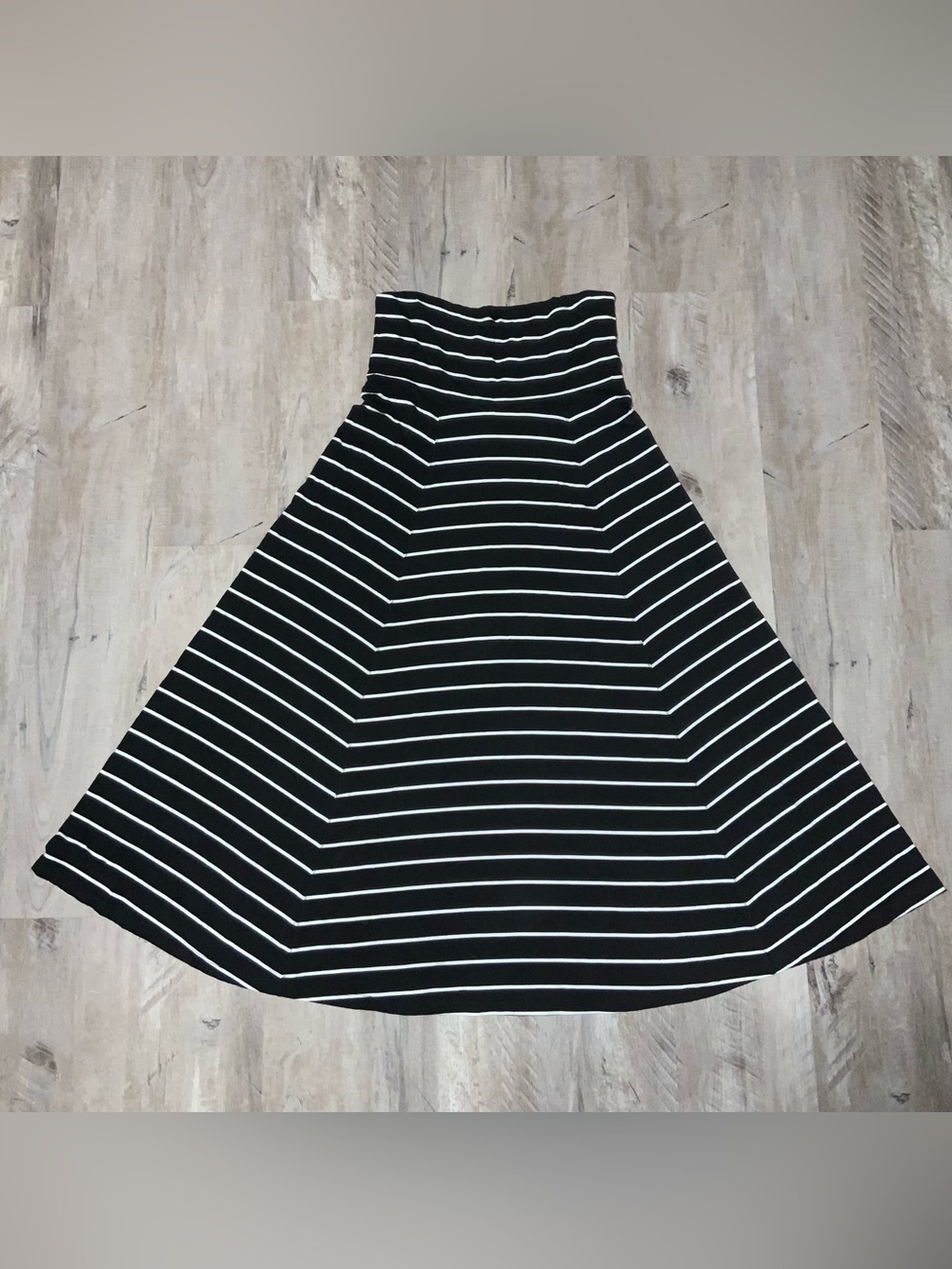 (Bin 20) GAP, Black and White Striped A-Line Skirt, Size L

• • • •

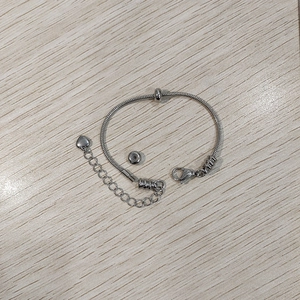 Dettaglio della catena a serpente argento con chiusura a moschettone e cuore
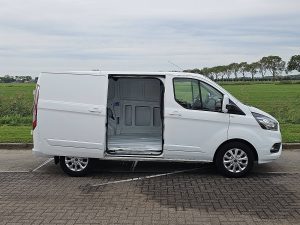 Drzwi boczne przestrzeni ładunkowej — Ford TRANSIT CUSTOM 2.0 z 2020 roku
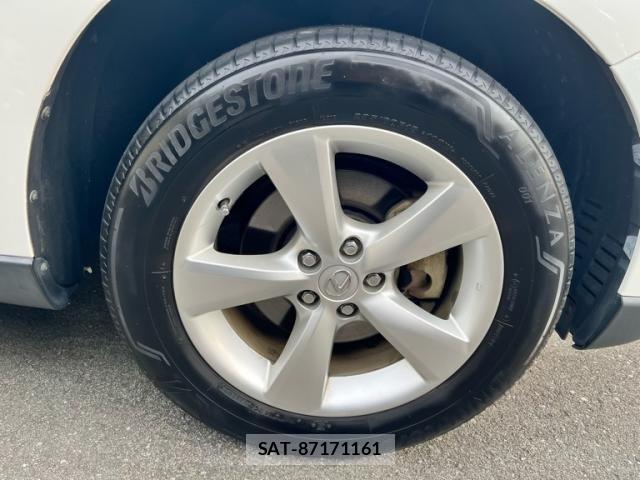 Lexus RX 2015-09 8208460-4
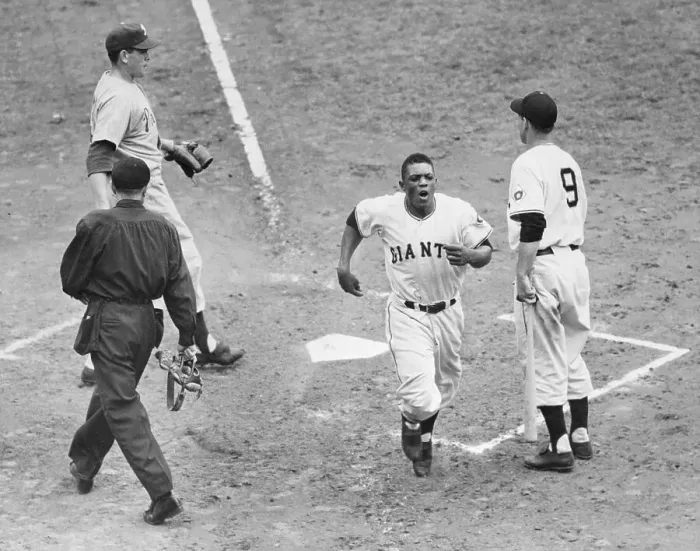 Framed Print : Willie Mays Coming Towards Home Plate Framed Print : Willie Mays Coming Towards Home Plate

• • • •

◆ TASK OBJECTIVE ◆
Given the entries above, transcribe exactly the lines from the one holding "Dettaglio della catena" through the one holding "Framed Print : Willie Mays Coming Towards Home Plate Framed"; pictures do not belong in the transcription.

◆ FINISHED EXERCISE ◆
 Dettaglio della catena a serpente argento con chiusura a moschettone e cuore
 Drzwi boczne przestrzeni ładunkowej — Ford TRANSIT CUSTOM 2.0 z 2020 roku
 Lexus RX 2015-09 8208460-4
 Framed Print : Willie Mays Coming Towards Home Plate Framed Print : Willie Mays Coming Towards Home Plate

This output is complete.